Start of Available data

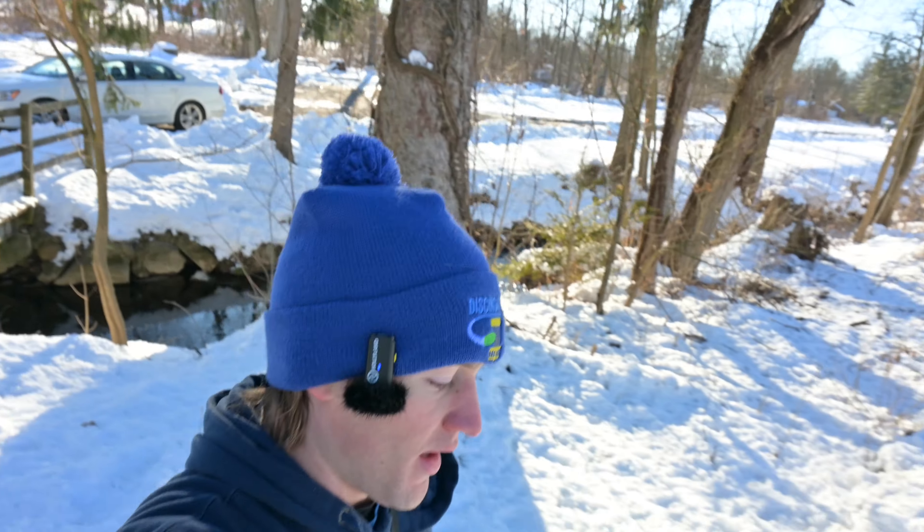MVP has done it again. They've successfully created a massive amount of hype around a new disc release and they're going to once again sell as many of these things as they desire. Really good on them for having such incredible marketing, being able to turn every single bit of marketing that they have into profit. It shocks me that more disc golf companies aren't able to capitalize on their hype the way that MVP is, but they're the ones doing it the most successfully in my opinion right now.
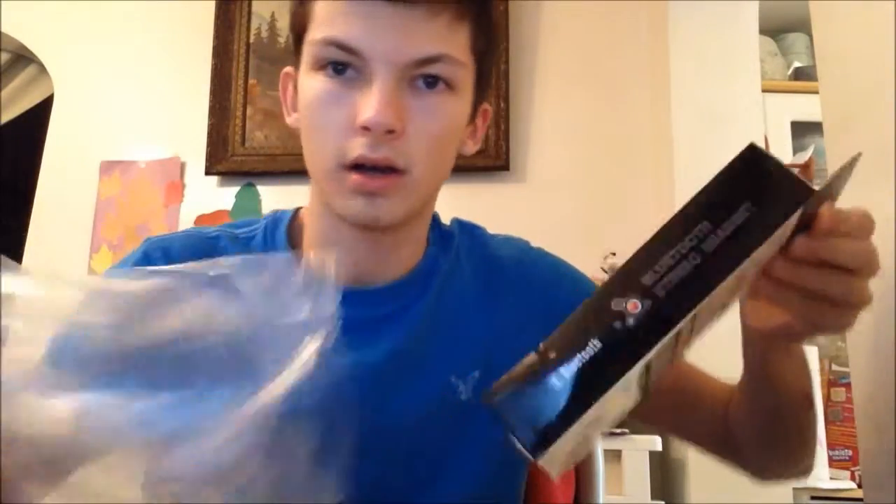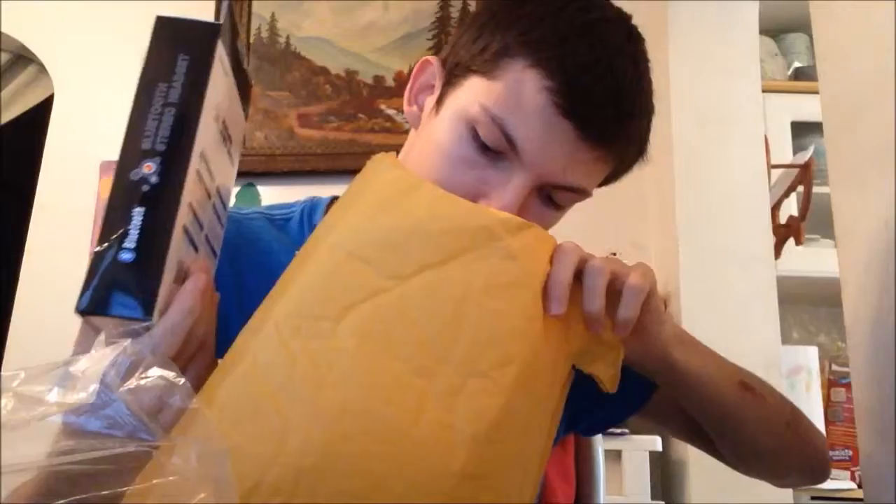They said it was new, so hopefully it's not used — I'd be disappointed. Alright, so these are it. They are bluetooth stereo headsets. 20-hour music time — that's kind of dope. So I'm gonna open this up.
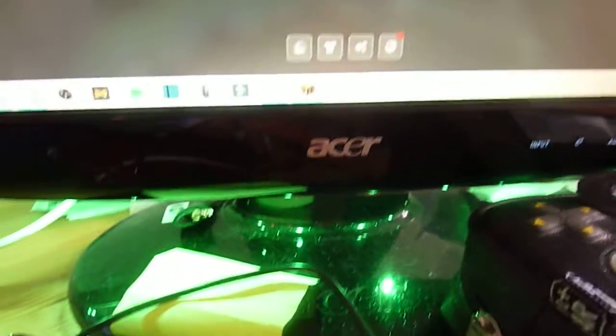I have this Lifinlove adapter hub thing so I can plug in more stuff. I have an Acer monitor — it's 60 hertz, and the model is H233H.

End of Available data

A verbatim transcript of the material above, with images dropped, is the expected output.

MVP has done it again. They've successfully created a massive amount of hype around a new disc release and they're going to once again sell as many of these things as they desire. Really good on them for having such incredible marketing, being able to turn every single bit of marketing that they have into profit. It shocks me that more disc golf companies aren't able to capitalize on their hype the way that MVP is, but they're the ones doing it the most successfully in my opinion right now.
They said it was new, so hopefully it's not used — I'd be disappointed. Alright, so these are it. They are bluetooth stereo headsets. 20-hour music time — that's kind of dope. So I'm gonna open this up.
I have this Lifinlove adapter hub thing so I can plug in more stuff. I have an Acer monitor — it's 60 hertz, and the model is H233H.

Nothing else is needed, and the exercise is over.